*** Dataset content ***
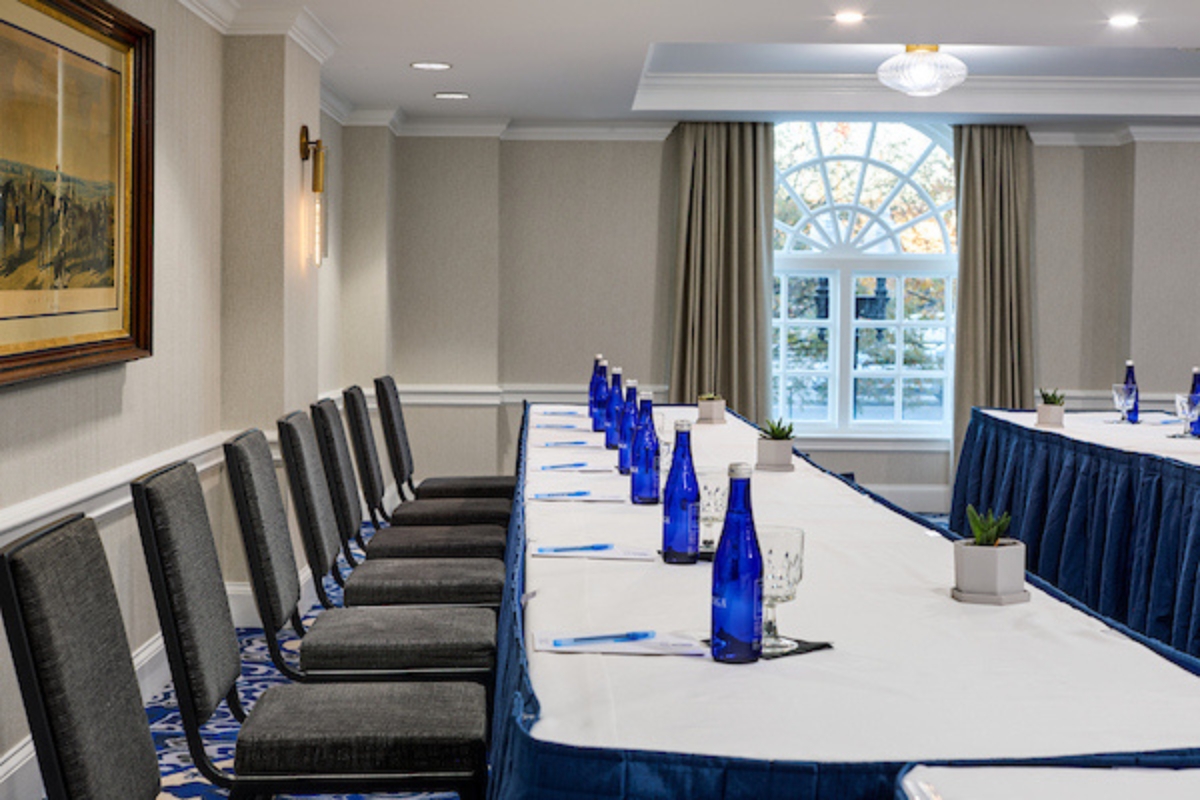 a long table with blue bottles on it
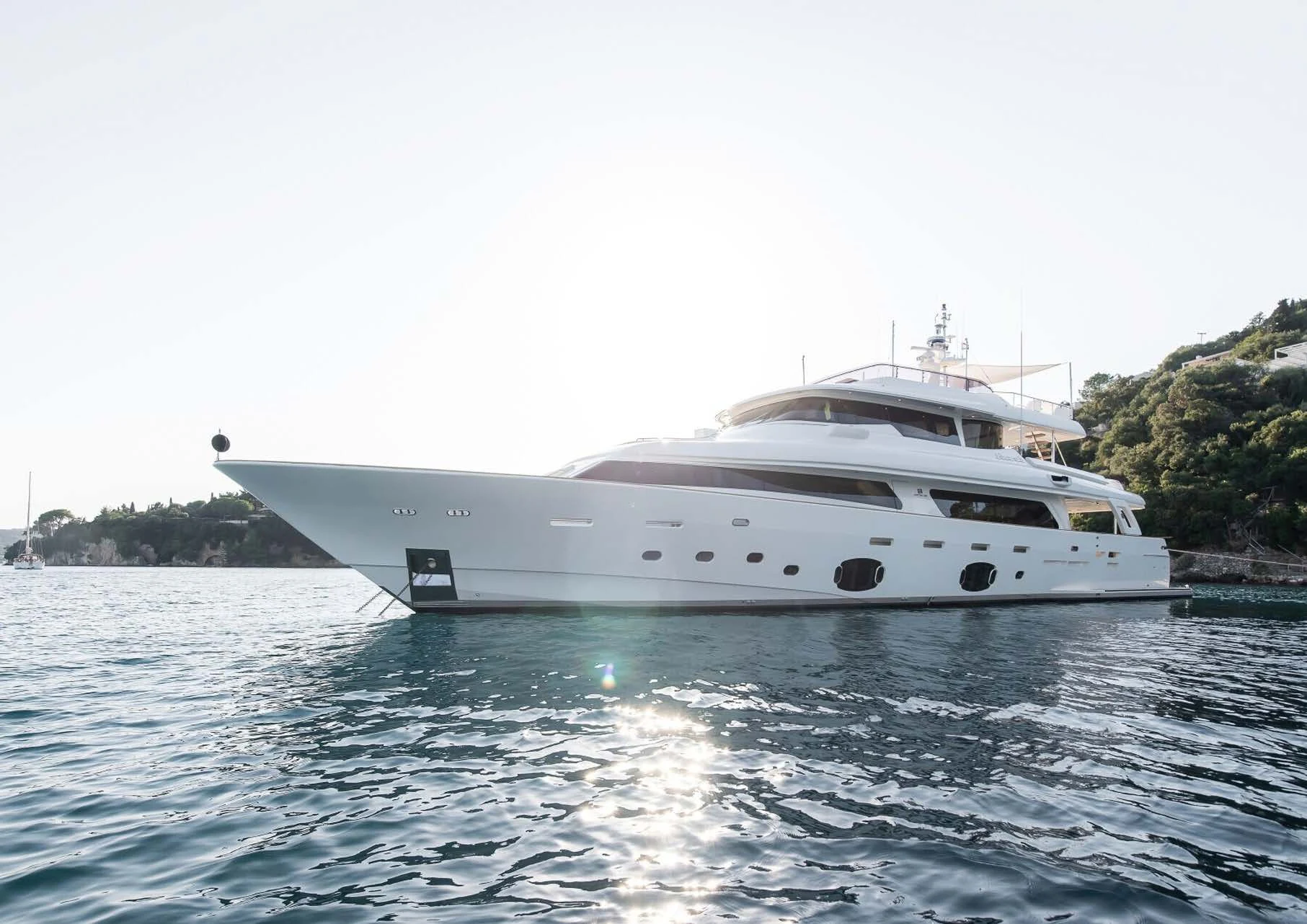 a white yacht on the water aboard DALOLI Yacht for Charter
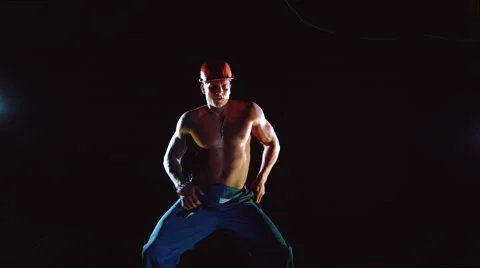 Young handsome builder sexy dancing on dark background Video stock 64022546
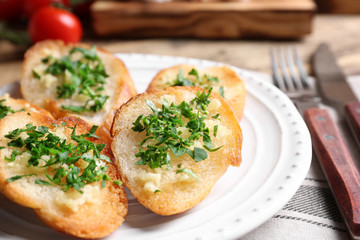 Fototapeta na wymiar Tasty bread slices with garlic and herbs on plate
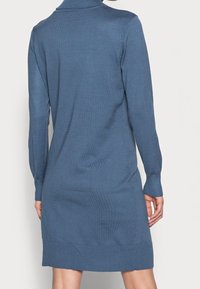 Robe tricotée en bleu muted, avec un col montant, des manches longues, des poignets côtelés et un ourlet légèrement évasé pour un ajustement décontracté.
*** End of Dataset content ***
> [Exercise brief] The preceding entries are to be returned verbatim, with every picture excluded.

> [Exercise output]
 a long table with blue bottles on it
 a white yacht on the water aboard DALOLI Yacht for Charter
 Young handsome builder sexy dancing on dark background Video stock 64022546
 Fototapeta na wymiar Tasty bread slices with garlic and herbs on plate
 Robe tricotée en bleu muted, avec un col montant, des manches longues, des poignets côtelés et un ourlet légèrement évasé pour un ajustement décontracté.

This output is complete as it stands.